This is not necessarily the current version of this TIP.
| TIP: | 313 |
| Title: | Inexact Searching in Sorted List |
| Version: | $Revision: 1.2 $ |
| Author: | Peter Spjuth <peter dot spjuth at gmail dot com> |
| State: | Draft |
| Type: | Project |
| Tcl-Version: | 8.6 |
| Vote: | Pending |
| Created: | Thursday, 14 February 2008 |
| Keywords: | Tcl |
This TIP adds a new switch to lsearch to do a binary search to find the insertion point in a sorted list.

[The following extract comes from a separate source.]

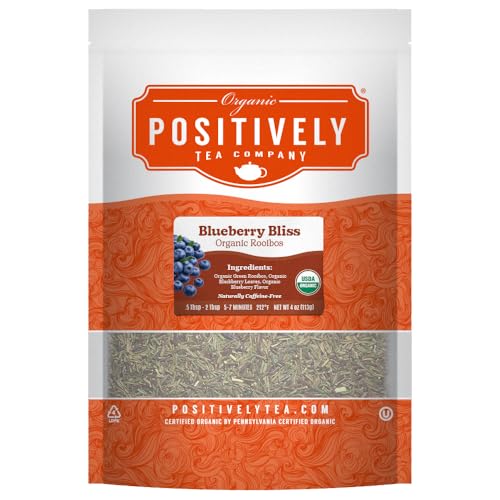 Image of Organic Positively Tea Company, Blueberry Bliss Rooibos Tea, Loose Leaf, 4 Ounce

Sometimes, it is necessary to find the location in a sorted list where a particular new element should be inserted. Given that the list is already sorted, it is obviously the case that the location should be located through an O(log N) algorithm that takes advantage of this fact (binary searching is the most reliable method given that measuring the "distance" between two strings is a complex and expensive operation in itself).

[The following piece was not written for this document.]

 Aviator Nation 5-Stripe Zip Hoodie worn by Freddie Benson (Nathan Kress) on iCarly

The usefulness of the feature is shown by a quick search. I found usages in the core, in tcllib and in tklib. Given that the infrastructure for a binary search is already in lsearch, this is a very cheap addition.
One question for the specification is exactly what index should be returned. Below an increasing list is assumed, things are equivalent for a decreasing.

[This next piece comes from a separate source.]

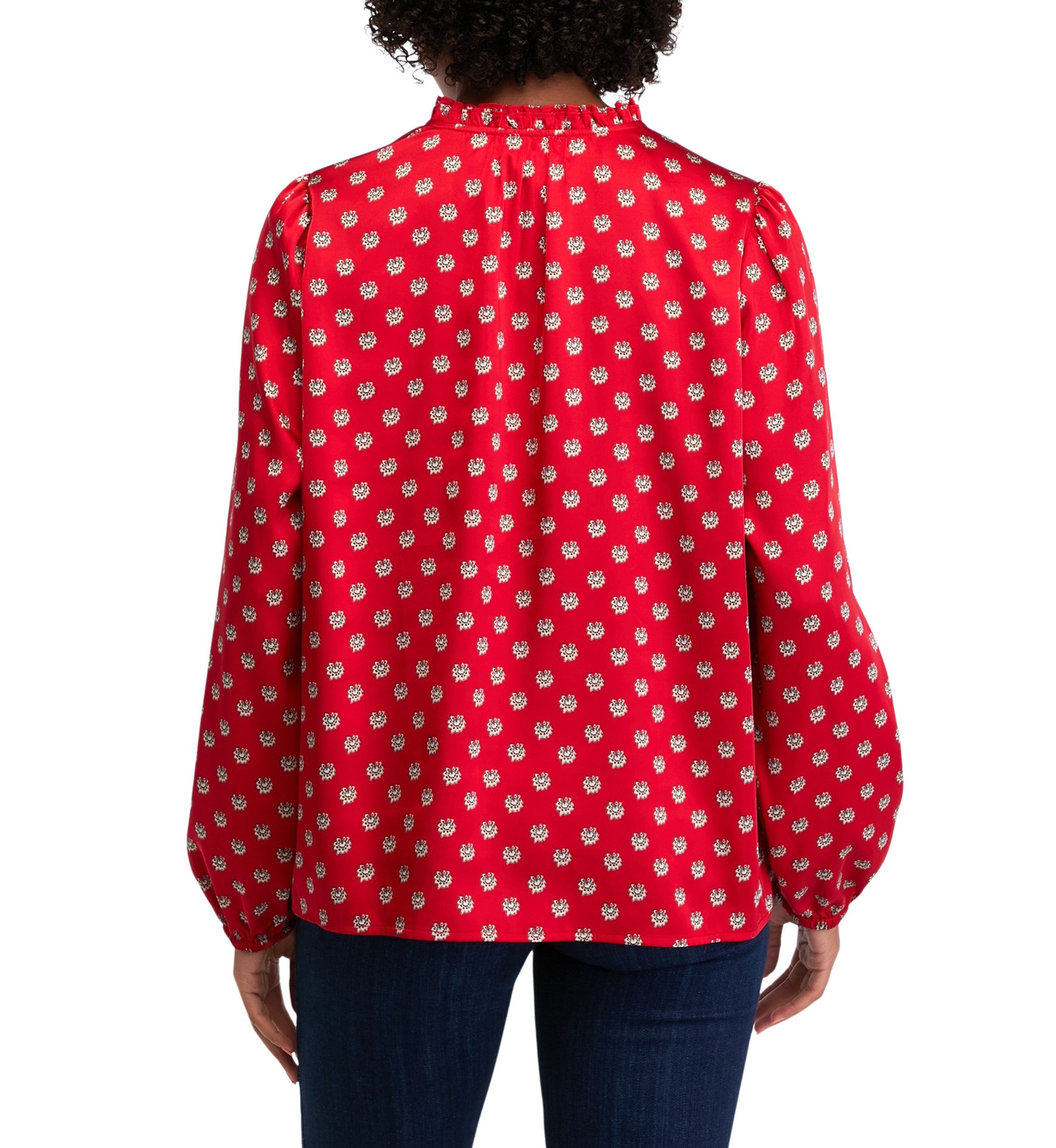 Womens Ruffle Split Neck Printed Blouse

First where element is greater than key.
Last where element is less than or equal to key.
First where element is greater than or equal to key.
Last where element is less than key.
Here, 1 is the use case for a stable insertion sort.
In the core we can find ::tcl::clock::BSearch which returns the index of the greatest element in $list that is less than or equal to $key, i.e. type 2. The same can be found in tklib's ::khim::BSearch.
In tcllib we can find ::struct::prioqueue::__linsertsorted, which would use type 1.
Personally I have had use for both 2 and 3.
1 can trivialy be calculated from 2 and vice versa. Same for 3 and 4.
One key difference between 1/2 and 3/4 is that 1/2 return last among equals while 3/4 returns first among equals. This means that it is easier to lay 3/4 over 1/2 by first doing an exact search.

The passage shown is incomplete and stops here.